Issue #1: Add support for whoosh Schemas

kemitche · kemitche · commit 4e7c98896549 · 2012-08-31T12:29:55.000-07:00
Note that when using a Schema, the parser
will require Unicode objects to function
diff --git a/l2cs.py b/l2cs.py
@@ -9,14 +9,15 @@
 
 import sys
 
+import whoosh.fields
 import whoosh.qparser.default
 import whoosh.qparser.plugins
 import whoosh.qparser.syntax
 import whoosh.qparser.taggers
 import whoosh.query
 
 
-__version__ = "1.0.8"
+__version__ = "2.0.0"
 
 
 HANDLERS = {}
@@ -234,8 +235,32 @@ def do_minus(self, parser, group):
 
 def make_parser(default_field='text', plugins=DEFAULT_PLUGINS, schema=None,
                 int_fields=None, yesno_fields=None, aliases=None):
+    '''Helper function to create a QueryParser.
+    
+    Parameters:
+        default_field: the default field to search against for non-field
+                        queries
+        plugins: a list of plugins to use when parsing
+        schema: If provided, a schema to check fieldnames against. If not
+                provided, any query of the form "foo:bar" will yield searches
+                against the "foo" field; if provided and "foo" is not a field,
+                then the search will look for "foo bar" in the default_field.
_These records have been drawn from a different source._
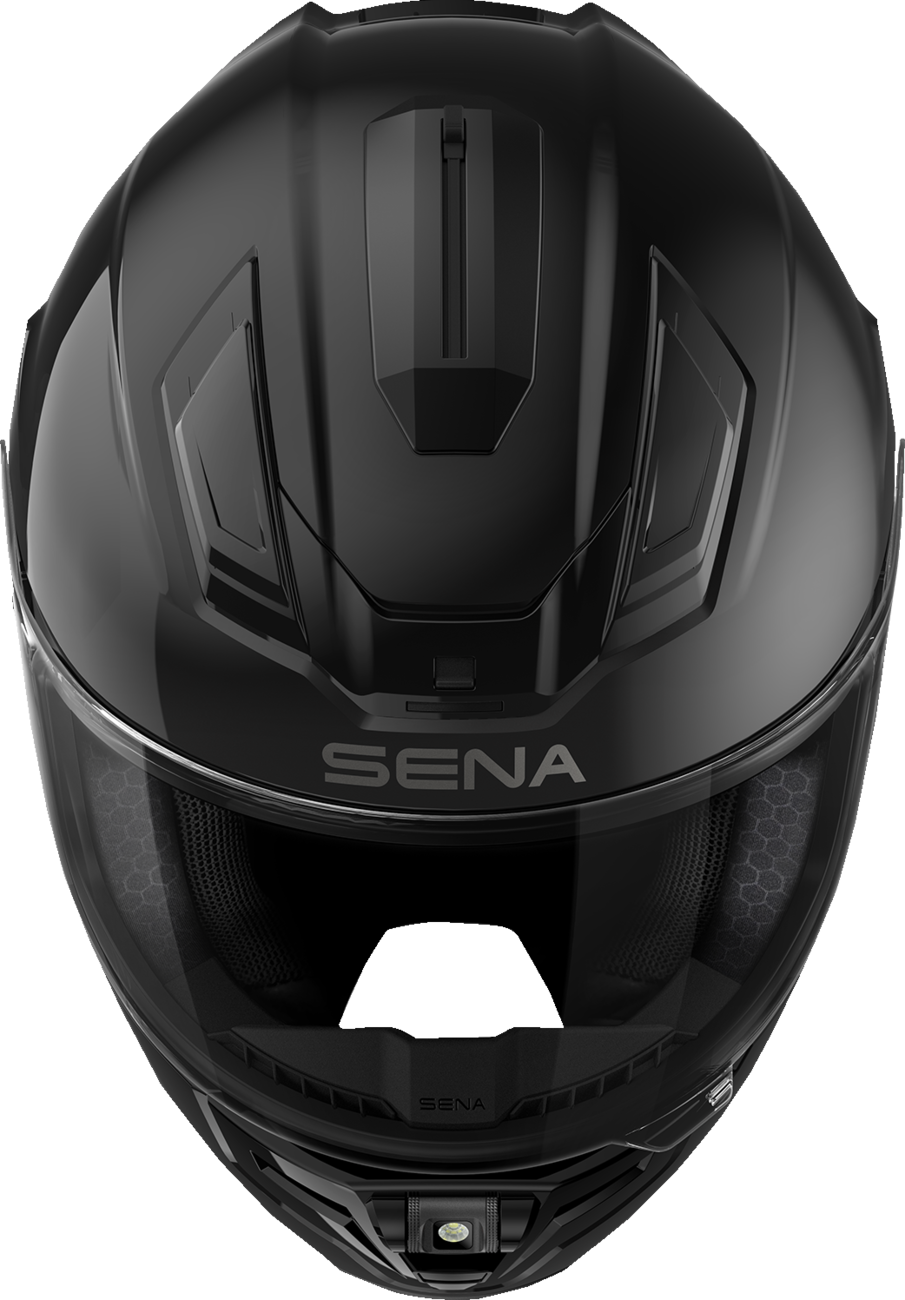 Phantom Helmet - Matte Black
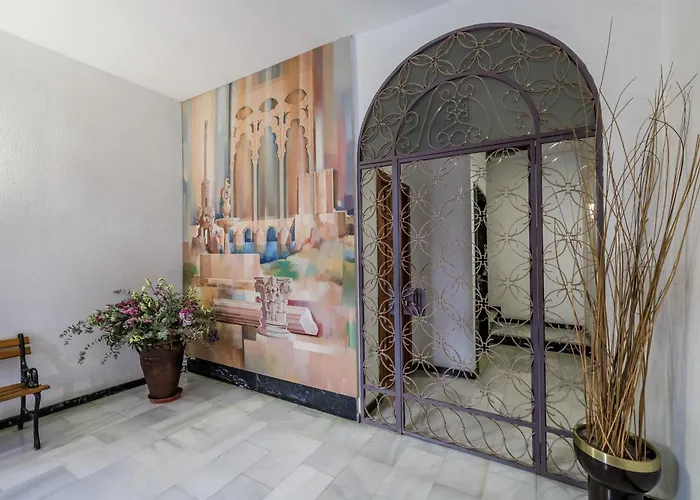Capitulares Apartmán Córdoba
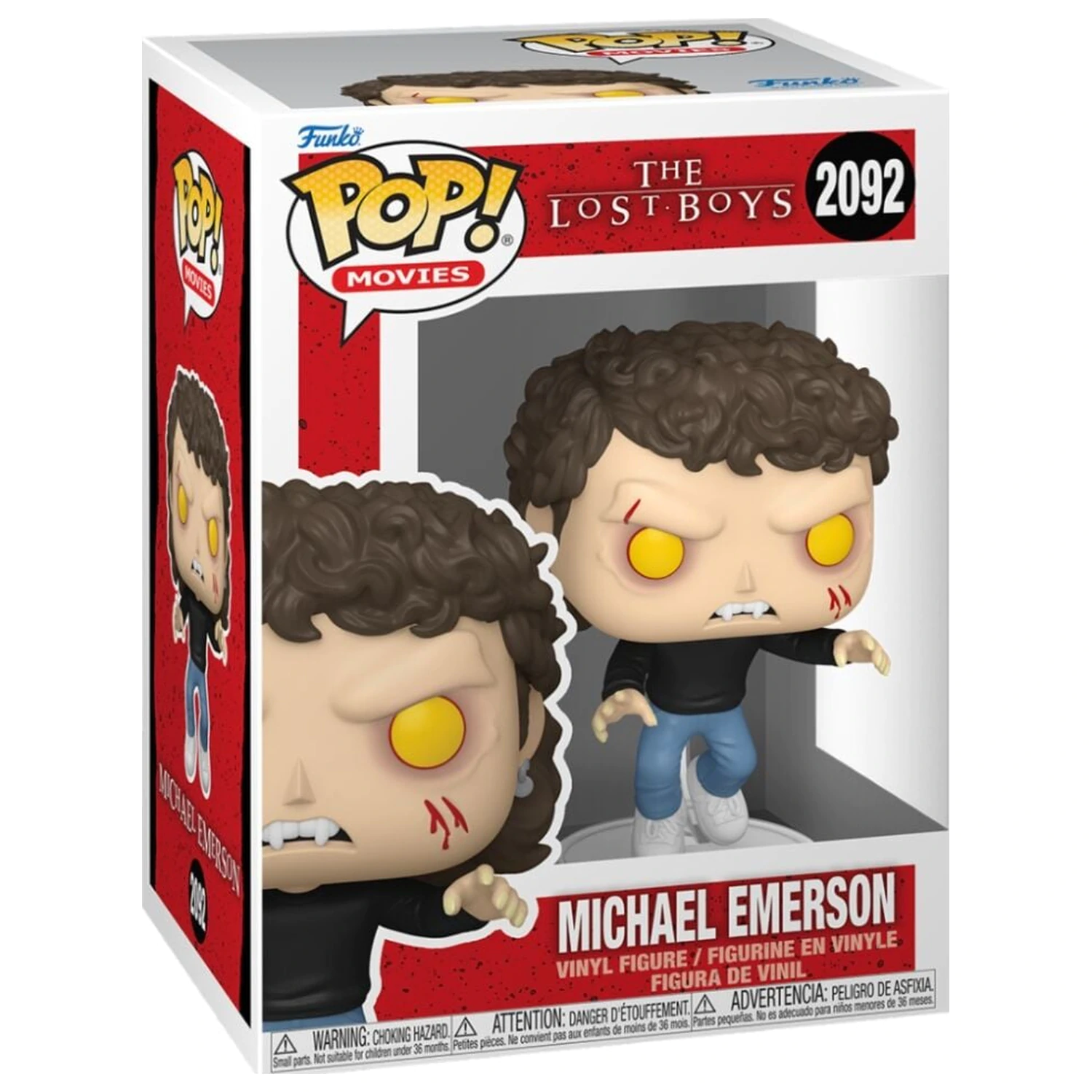 Funko POP figurka The Lost Boys Michael Emerson zdjęcie produktu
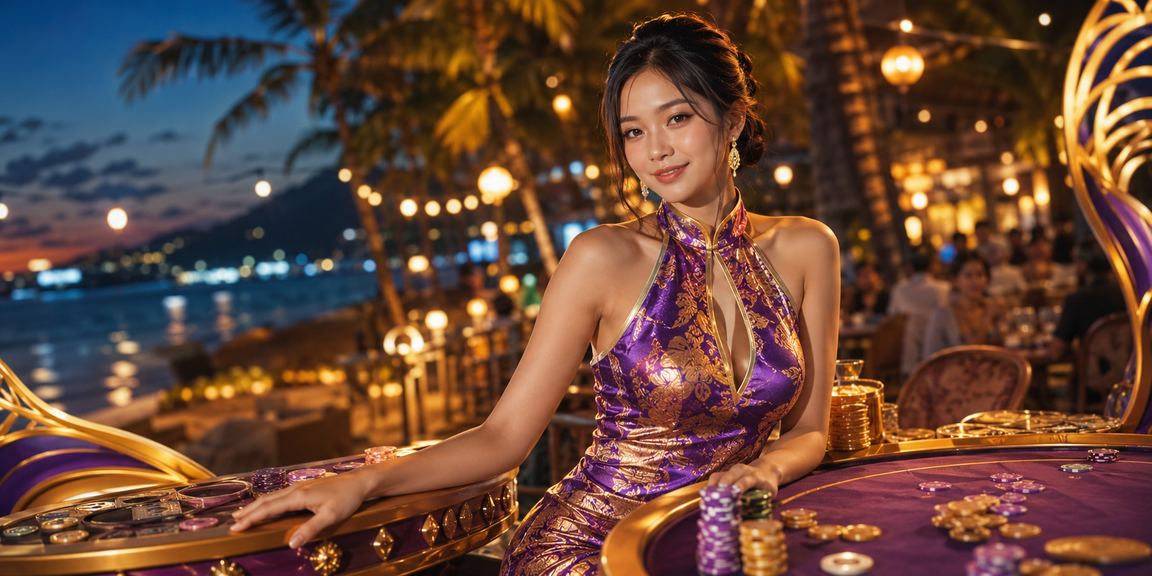 Không khí giải trí casino sôi động tại Vũng Tàu Việt Nam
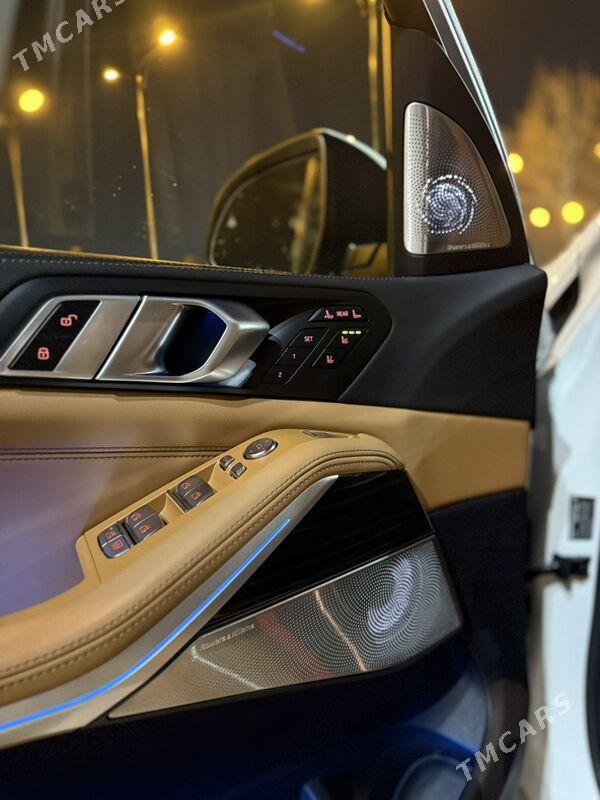BMW X7 2024 - 1 620 000 TMT - Ашхабад - img 9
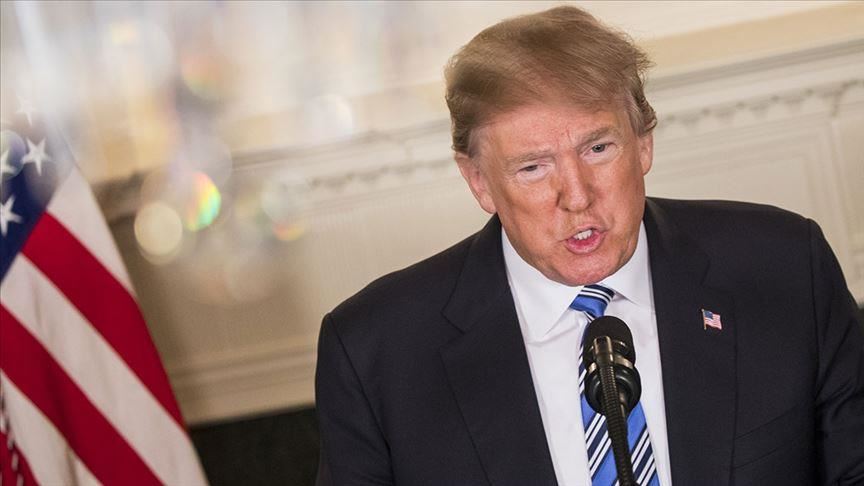 Trump signera un décret interdisant l'immigration aux États-Unis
+                NOTE: If provided, search queries MUST use unicode
+        int_fields: A list of fields that expect integer values from
+                    CloudSearch
+        yesno_fields: A list of fields to convert "yes" and "no" queries to
+                      boolean 1 / 0 searches
+        aliases: A dictionary of aliases to use for the AliasPlugin
+    
+    '''
     parser = whoosh.qparser.default.QueryParser(default_field, schema,
                                                 plugins=plugins)
+    parser_parse = parser.parse
+    def parse(text, *args, **kwargs):
+        assert isinstance(text, unicode), 'Cannot parse non-unicode objects (%r)' % text
+        return parser_parse(text, *args, **kwargs)
+    parser.parse = parse
+    parser.parse.__doc__ = parser_parse.__doc__
     if int_fields:
         parser.add_plugin(IntNodePlugin(int_fields))
     if yesno_fields:
@@ -245,26 +270,58 @@ def make_parser(default_field='text', plugins=DEFAULT_PLUGINS, schema=None,
     return parser
 
 
+def make_schema(fields, datefields=()):
+    '''Create a whoosh.fields.Schema object from a list of field names.
+    All fields will be set as TEXT fields. If datefields is supplied,
+    additionally create DATETIME fields with those names
+    
+    '''
+    fields = dict.fromkeys(fields, whoosh.fields.TEXT)
+    if datefields:
+        datefields = dict.fromkeys(datefields, whoosh.fields.DATETIME)
+        fields.update(datefields)
+    return whoosh.fields.Schema(**fields)
+
+
 def convert(query, parser):
     parsed = parser.parse(query)
     pieces = walk_clause(parsed)
-    return ''.join(pieces)
+    return u''.join(pieces)
 
 
-def __sample_parser():
+def __sample_parser(schema=None):
     return make_parser(int_fields=["count", "number"],
                        yesno_fields=["active", "ready"],
-                       aliases={"alias": ["alias1", "alias2"]})
+                       aliases={"alias": ["alias1", "alias2"]},
+                       schema=schema)
+
+
+def __sample_schema():
+    return make_schema(["foo", "bar", "baz", "count", "number", "active",
+                        "text", "ready", "active", "alias", "alias1",
+                        "alias2"])
 
 
 def main(args):
-    '''For command line experimentation'''
-    query = ' '.join(args[1:])
+    '''For command line experimentation. Sample output:
+    
+    $ python l2cs.py 'foo:bar AND baz:bork'
+    Lucene input: foo:bar AND baz:bork
+    Parsed representation: And([Term(u'foo', u'bar'), Term(u'baz', u'bork')])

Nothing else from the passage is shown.